El rostro militar del fútbol fue el marino Carlos Lacoste, vicepresidente del Ente Autárquico Mundial 78, el organismo que manejó ese campeonato y que nunca presentó su balance definitivo. También fue ministro de acción social, breve jefe del Estado argentino entre las presidencias de Roberto Viola y Leopoldo Galtieri, y vicepresidente de la FIFA hasta los días iniciales de la democracia. Aunque las presiones políticas lo hicieron dimitir, Lacoste siguió siendo un invitado recurrente a las reuniones de la FIFA, como consecuencia de su amistad con el brasileño Joao Havelange, alguien que en 1978 declaró entre elogios que: "Por fin el mundo pudo ver la verdadera imagen de la Argentina".

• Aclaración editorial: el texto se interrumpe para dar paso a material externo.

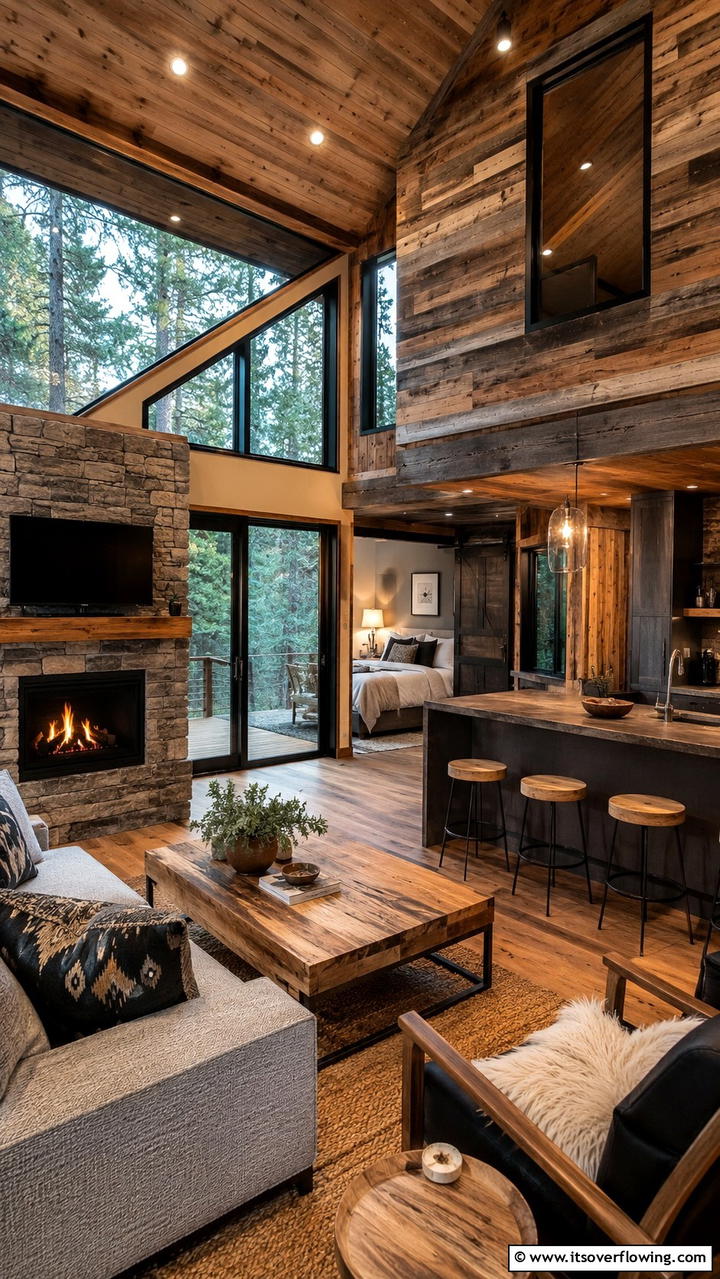 Modern Rustic Cabin - 30 Guest House Ideas- Inviting Retreats & Functional Spaces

Pariente de Videla y de Galtieri, Lacoste sostuvo que "el Mundial terminó con el subdesarrollo mental de los argentinos". Luego, influyó fuerte en River Plate, un club que hasta 1996 mantuvo como socios a los líderes de la dictadura. Argentinos Juniors recién le quitó ese privilegio en 1999 a Carlos Suárez Mason, encumbradísimo jerarca militar de esos años, juzgado y condenado en primera instancia en Italia por varios casos de violación a los derechos humanos, entre ellos el de Norberto Morresi, hermano del ex futbolista Claudio Morresi.

Julio César Santuccione fue el hombre de la Fuerza Aérea en la AFA. Se desempeñó como secretario del Tribunal de Disciplina en 1979 y 1980. Esas atribuciones en el terreno de la disciplina suenan paradójicas, teniendo en cuenta que Santuccione encabezó la durísima policía de Mendoza en las jornadas de la mayor barbarie. Él, como varios de sus pares, encontró un sitio cerca de la pelota. Por entonces, los amos de la vida y de la muerte, también eran los amos del fútbol.

El veredicto de la memoria

Una y otra vez, la radio estallaba con un mensaje unívoco. Era este: "Los argentinos somos derechos y humanos", según reza uno de los slogans de la época. Era una mañana de viernes, de Septiembre y de 1979, con dos sentimientos hondos confluyendo en la Plaza de Mayo. Uno era la esencia del fútbol: la fantástica Selección juvenil en la que brillaban Diego Maradona y Ramón Díaz acababa de ganar el campeonato mundial de su categoría en Japón. Otro era la esencia del sufrimiento: los familiares de las víctimas del terrorismo de Estado acudían al lugar porque miembros de la Comisión Interamericana de Derechos Humanos de la OEA estaban en el país investigando denuncias sobre los horrores argentinos.

Los servidores del Régimen instalados en los medios de comunicación convocaron a la gente a la Plaza para "demostrarle a esos señores que los argentinos no tenemos nada que ocultar". La dictadura necesitaba una ayuda. El fútbol, según la concepción de los dueños de la época, siempre podía dar una mano. A 30 años del golpe militar, la memoria puede llamarse Roberto Santoro o puede llevar otros 30 mil nombres. Y hace lo inevitable, lo imprescindible. La memoria vive como testimonio, como mensaje, como reclamo, como bronca, como esperanza, como protesta. Y nadie lo puede evitar.